(Stored items from a collection)
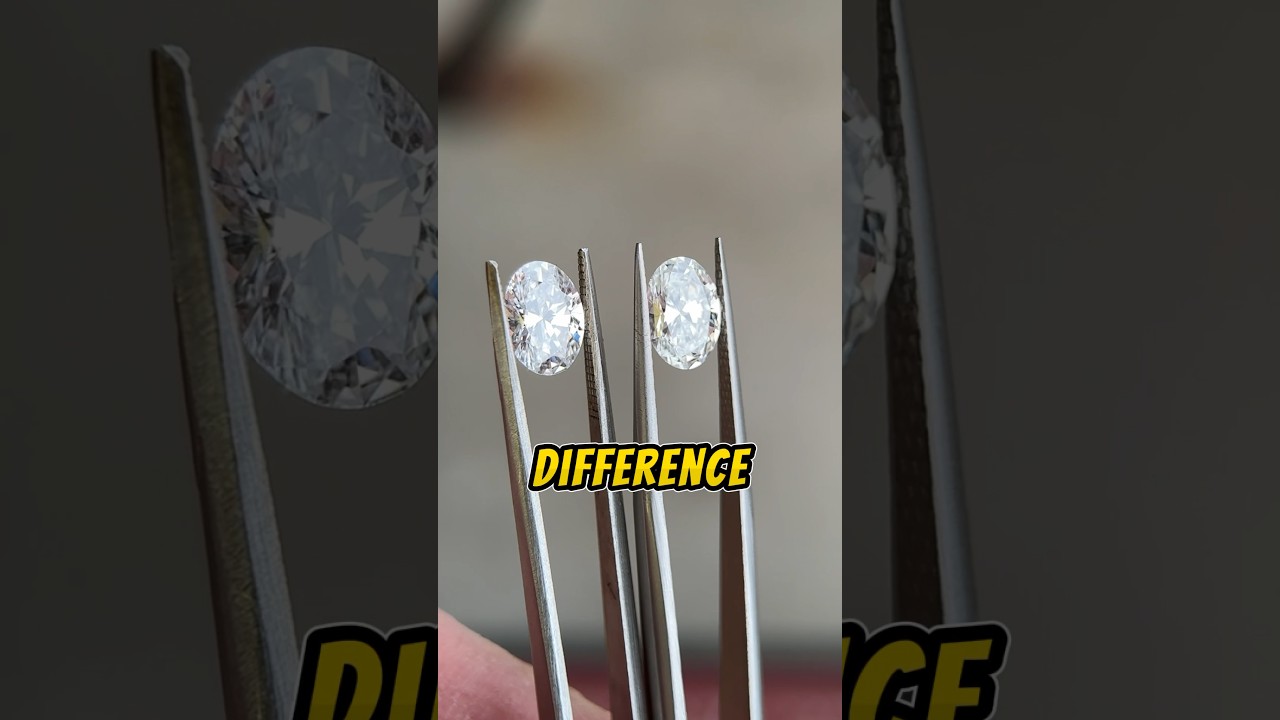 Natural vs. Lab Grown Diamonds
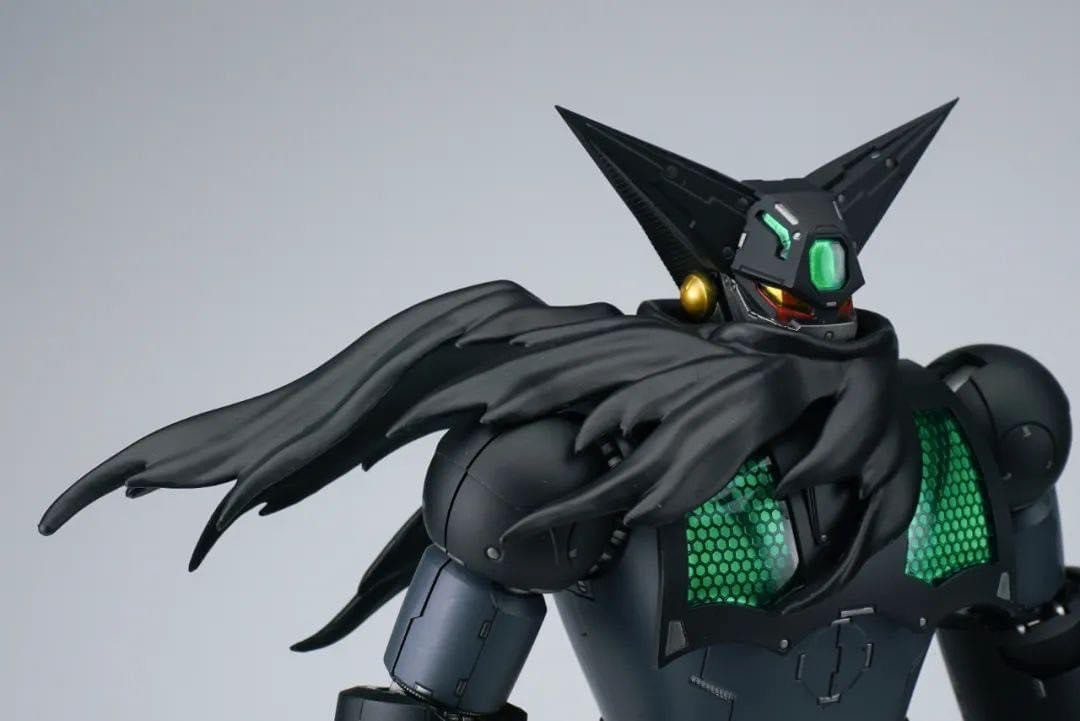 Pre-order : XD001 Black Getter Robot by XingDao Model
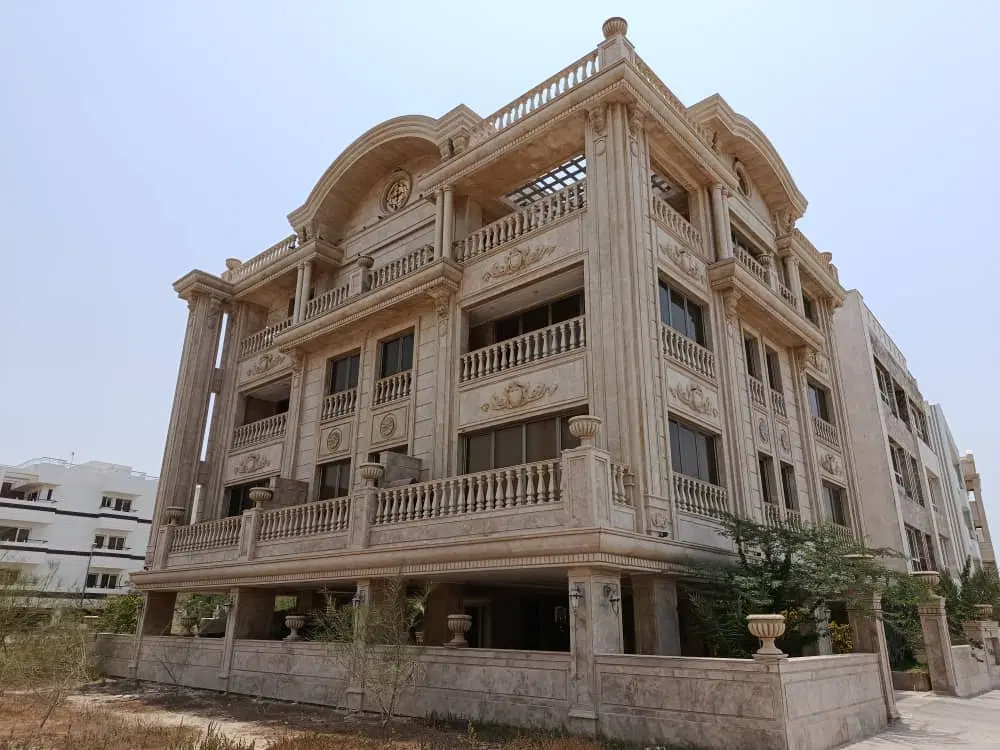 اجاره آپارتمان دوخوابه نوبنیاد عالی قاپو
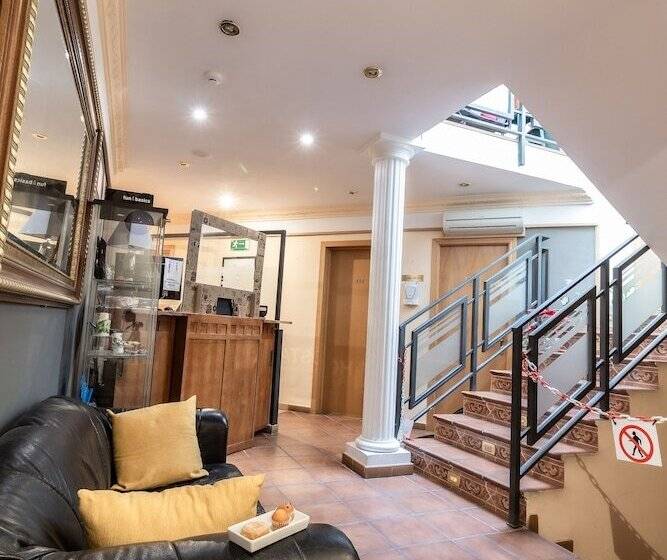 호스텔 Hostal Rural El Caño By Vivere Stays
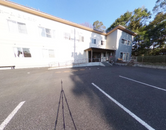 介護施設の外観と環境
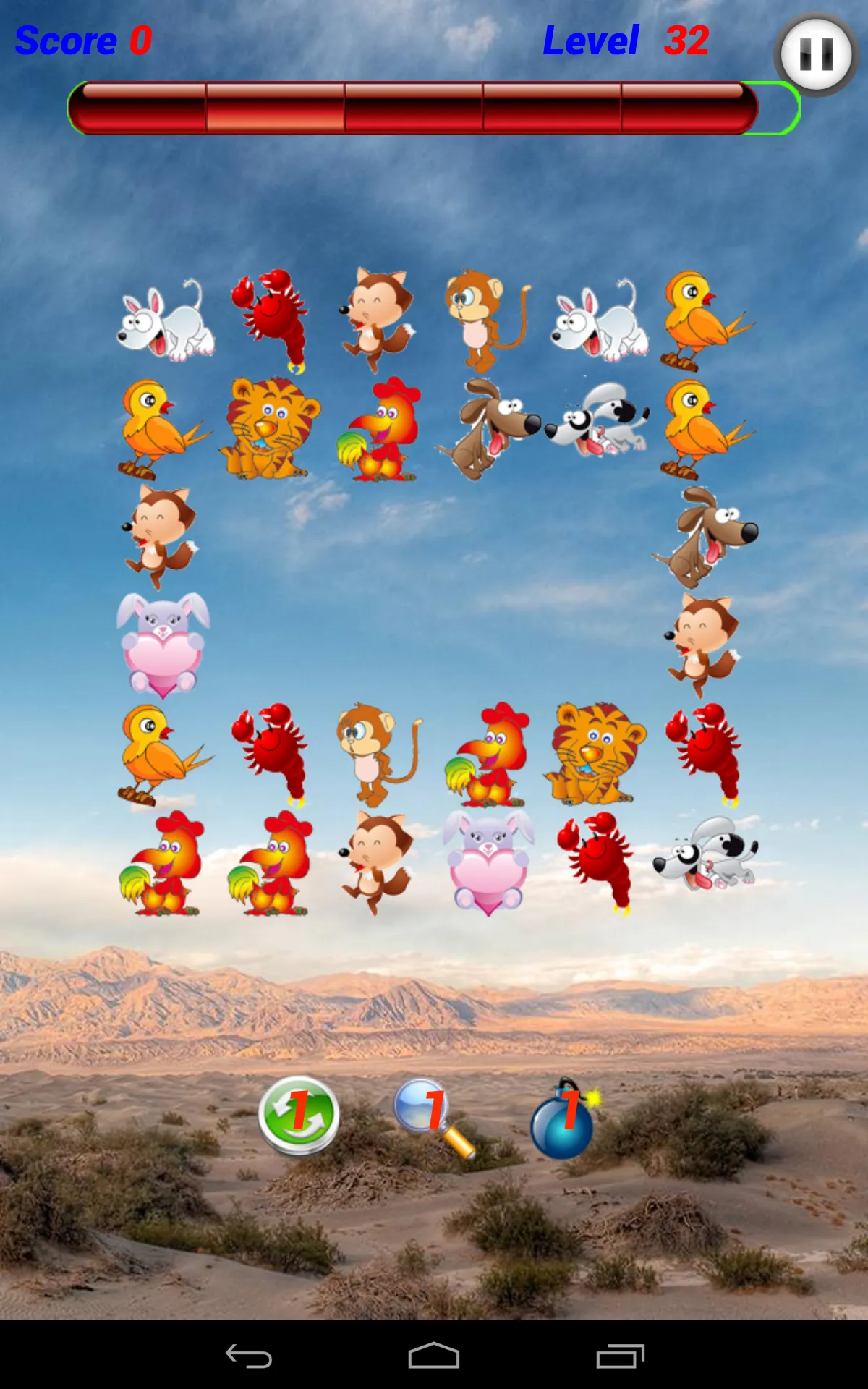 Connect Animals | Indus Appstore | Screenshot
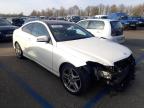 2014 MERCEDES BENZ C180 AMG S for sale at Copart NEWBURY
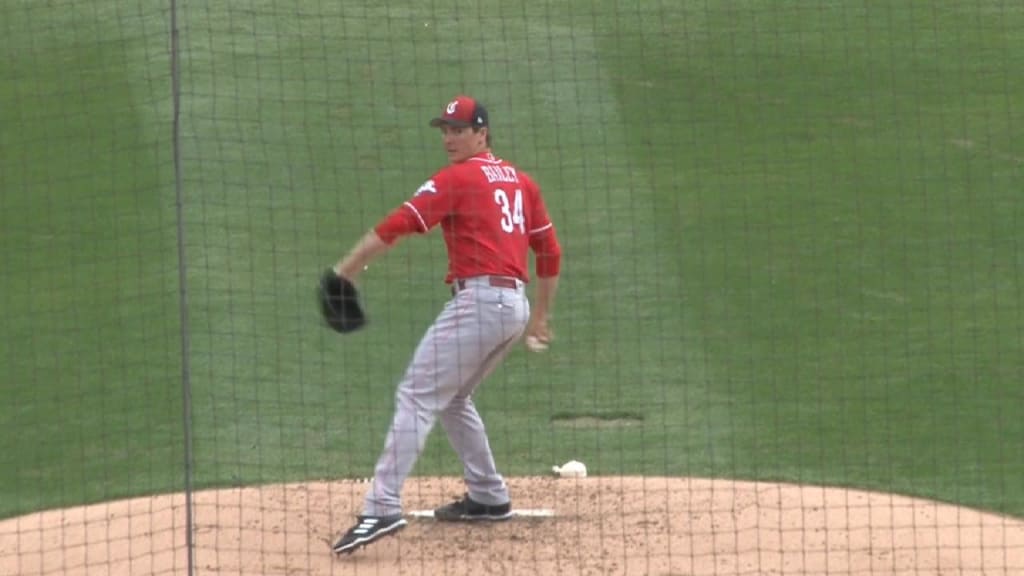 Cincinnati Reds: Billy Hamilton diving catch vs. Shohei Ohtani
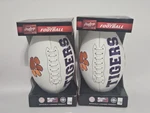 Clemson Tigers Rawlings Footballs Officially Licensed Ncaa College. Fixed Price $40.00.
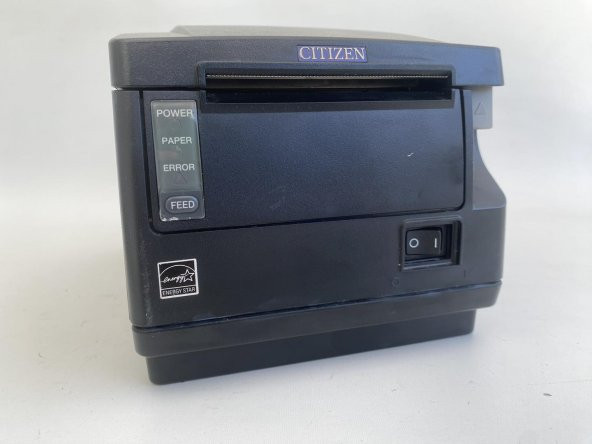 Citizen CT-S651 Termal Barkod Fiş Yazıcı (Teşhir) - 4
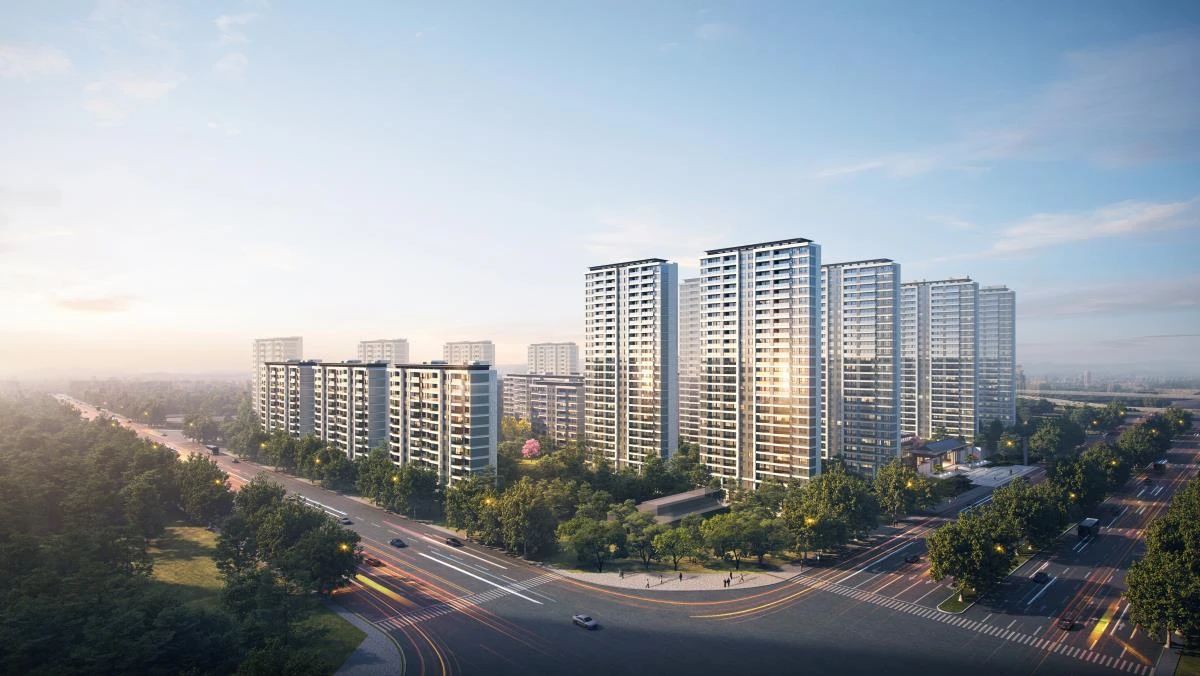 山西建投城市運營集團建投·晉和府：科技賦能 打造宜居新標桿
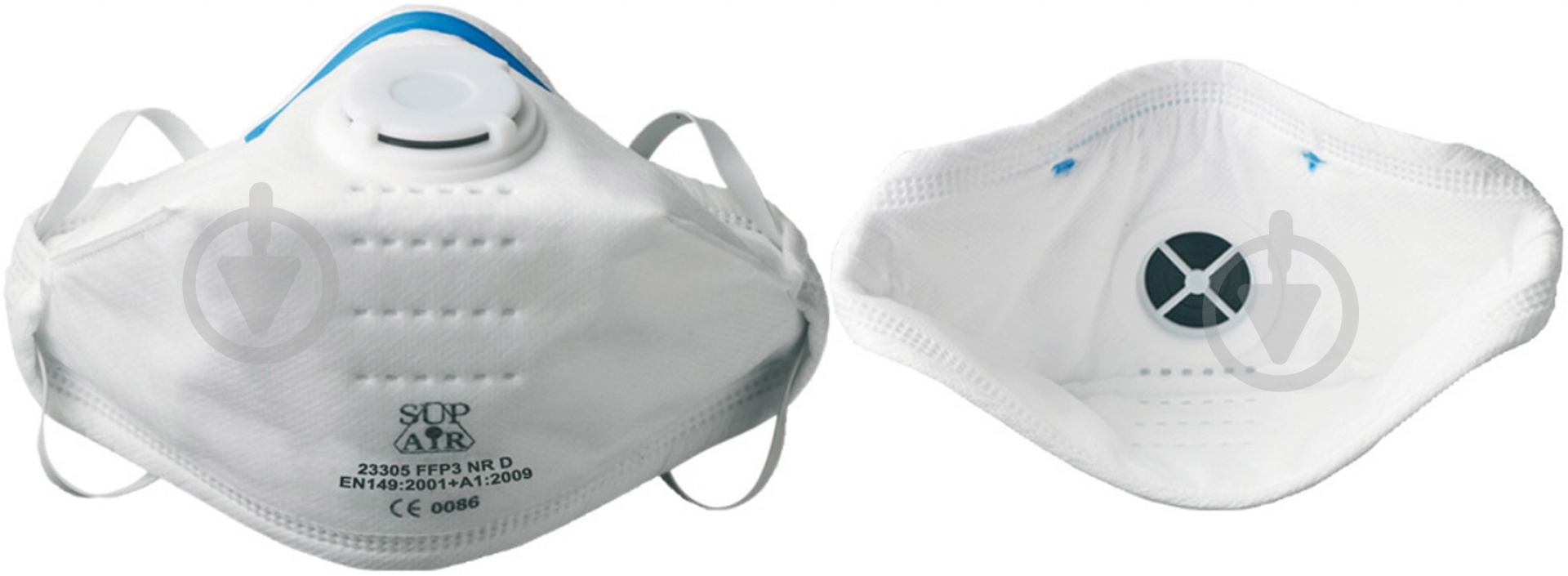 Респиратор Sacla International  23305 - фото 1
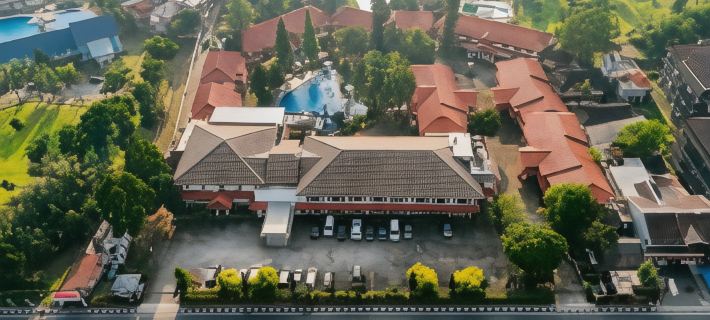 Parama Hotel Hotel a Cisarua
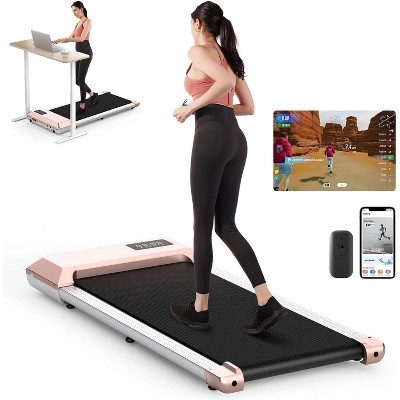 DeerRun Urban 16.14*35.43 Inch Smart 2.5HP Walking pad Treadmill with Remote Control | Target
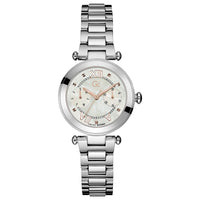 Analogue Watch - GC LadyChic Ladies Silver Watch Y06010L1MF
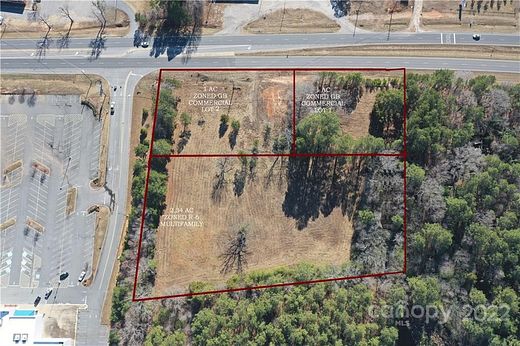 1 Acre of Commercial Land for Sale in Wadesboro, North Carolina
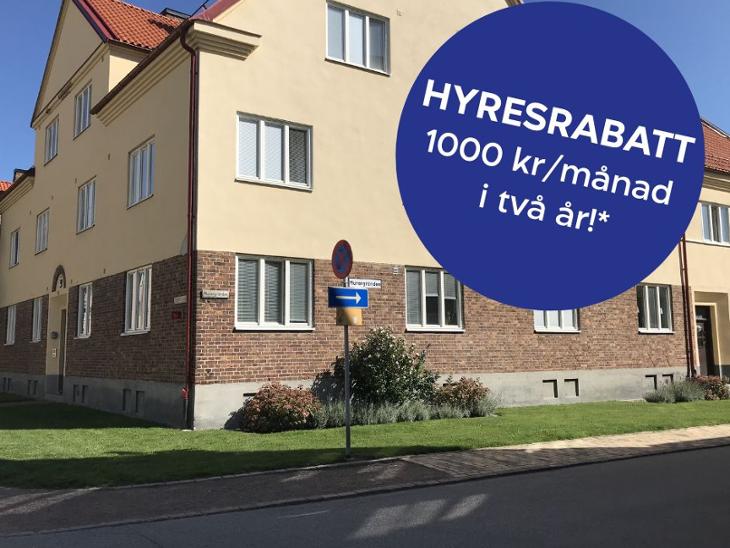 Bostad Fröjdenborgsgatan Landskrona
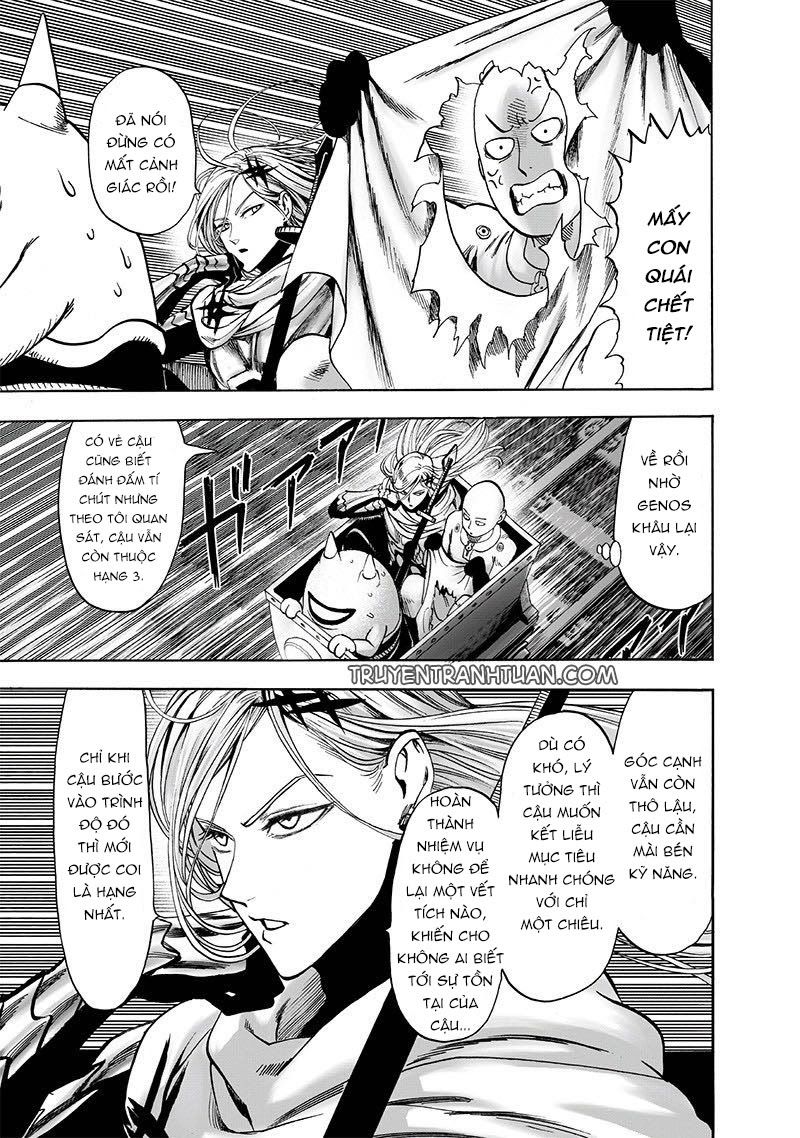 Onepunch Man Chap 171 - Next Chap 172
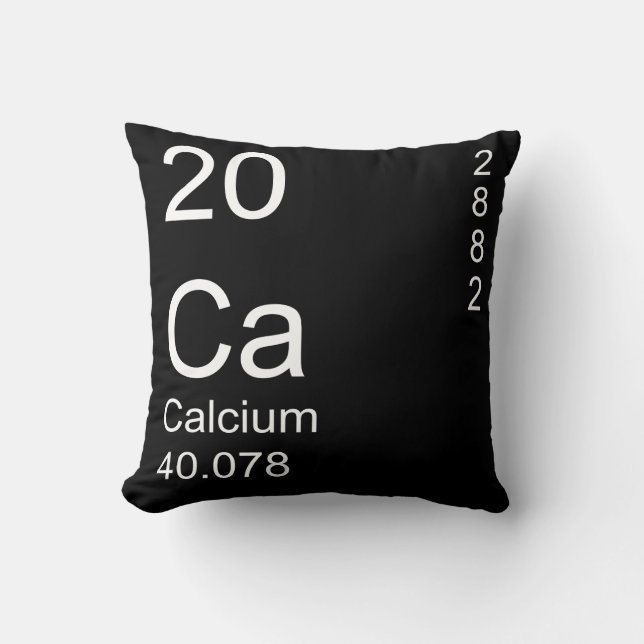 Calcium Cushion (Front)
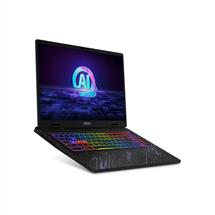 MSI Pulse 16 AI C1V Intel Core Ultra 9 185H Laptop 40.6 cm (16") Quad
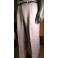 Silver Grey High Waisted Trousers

▶ **What to work on**
Without changing a word, retype every entry above, but drop its pictures.

▶ **Completed task**
 Natural vs. Lab Grown Diamonds
 Pre-order : XD001 Black Getter Robot by XingDao Model
 اجاره آپارتمان دوخوابه نوبنیاد عالی قاپو
 호스텔 Hostal Rural El Caño By Vivere Stays
 介護施設の外観と環境
 Connect Animals | Indus Appstore | Screenshot
 2014 MERCEDES BENZ C180 AMG S for sale at Copart NEWBURY
 Cincinnati Reds: Billy Hamilton diving catch vs. Shohei Ohtani
 Clemson Tigers Rawlings Footballs Officially Licensed Ncaa College. Fixed Price $40.00.
 Citizen CT-S651 Termal Barkod Fiş Yazıcı (Teşhir) - 4
 山西建投城市運營集團建投·晉和府：科技賦能 打造宜居新標桿
 Респиратор Sacla International  23305 - фото 1
 Parama Hotel Hotel a Cisarua
 DeerRun Urban 16.14*35.43 Inch Smart 2.5HP Walking pad Treadmill with Remote Control | Target
 Analogue Watch - GC LadyChic Ladies Silver Watch Y06010L1MF
 1 Acre of Commercial Land for Sale in Wadesboro, North Carolina
 Bostad Fröjdenborgsgatan Landskrona
 Onepunch Man Chap 171 - Next Chap 172
 Calcium Cushion (Front)
 MSI Pulse 16 AI C1V Intel Core Ultra 9 185H Laptop 40.6 cm (16") Quad
 Silver Grey High Waisted Trousers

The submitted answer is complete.